━━ Data
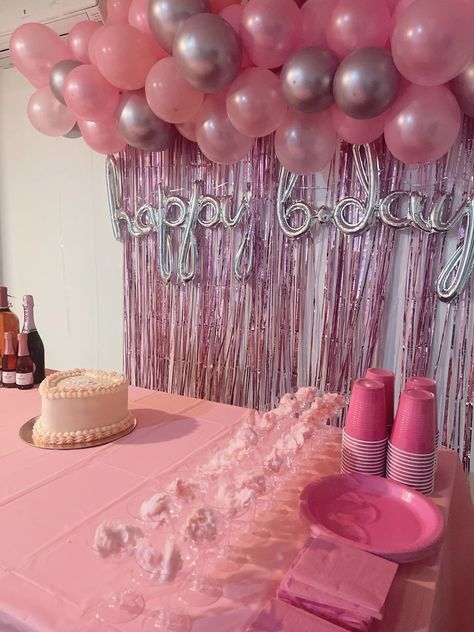 Silver And Pink 21st Birthday, 19th Birthday Party Decorations, 25th Birthday Pink Theme, Vintage Pink Party Decor, Pink Birthday Party Sleepover, Pink And White Bday Decorations, All Pink Birthday Party Ideas, Pink Whitney Party, Pink 25th Birthday Party Ideas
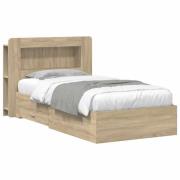 vidaXL Sängram med förvaring Sonoma-ek 90 x 190 cm Konstruerat trä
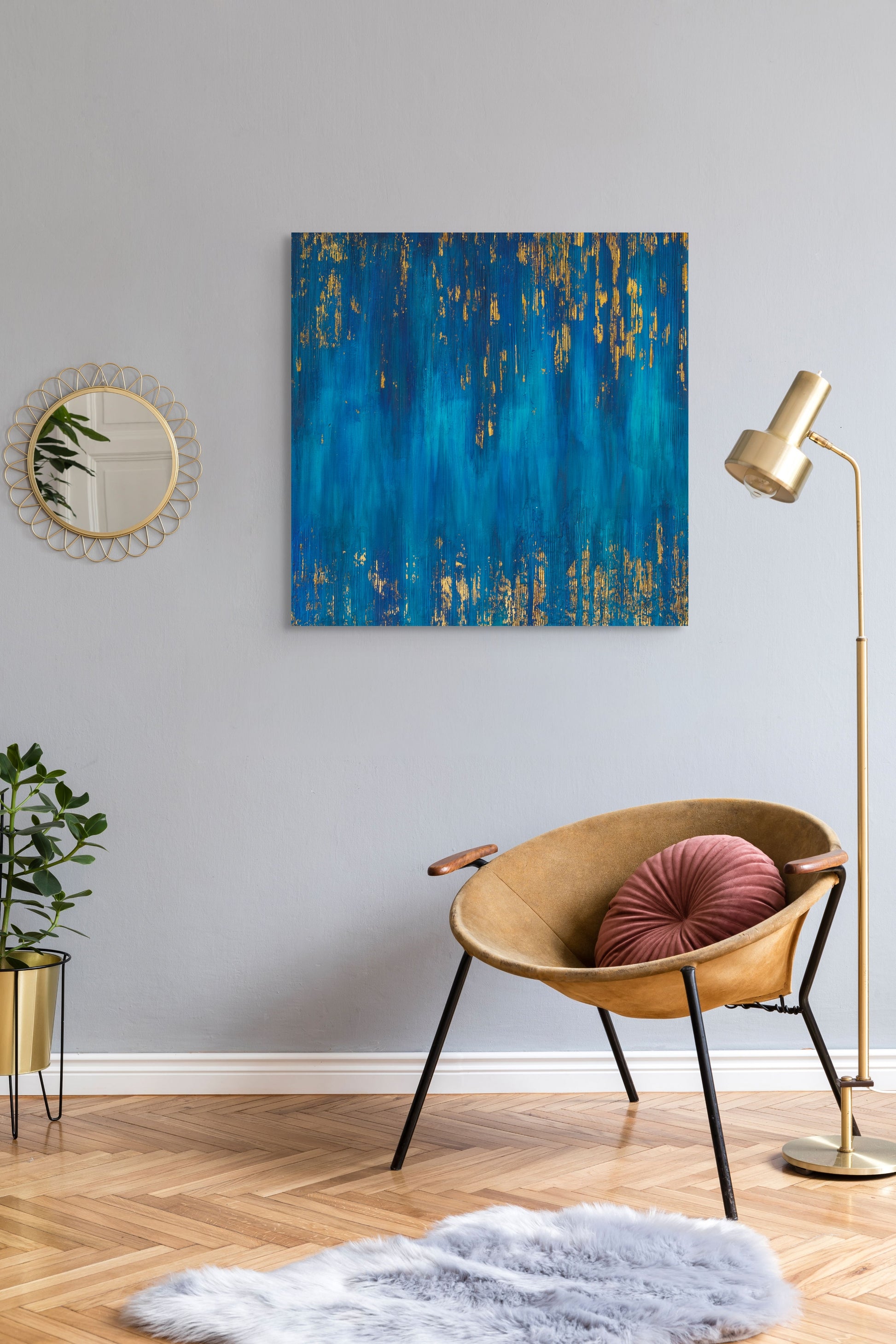 Blue Zone Acrylic painting with gold leaf, living room wall art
━━━━
> [Work request]:
Your answer should be the lines from the line containing "vidaXL Sängram med" through the end of the listing above, output exactly and alone, without the pictures.

> [Answer below]:
 vidaXL Sängram med förvaring Sonoma-ek 90 x 190 cm Konstruerat trä
 Blue Zone Acrylic painting with gold leaf, living room wall art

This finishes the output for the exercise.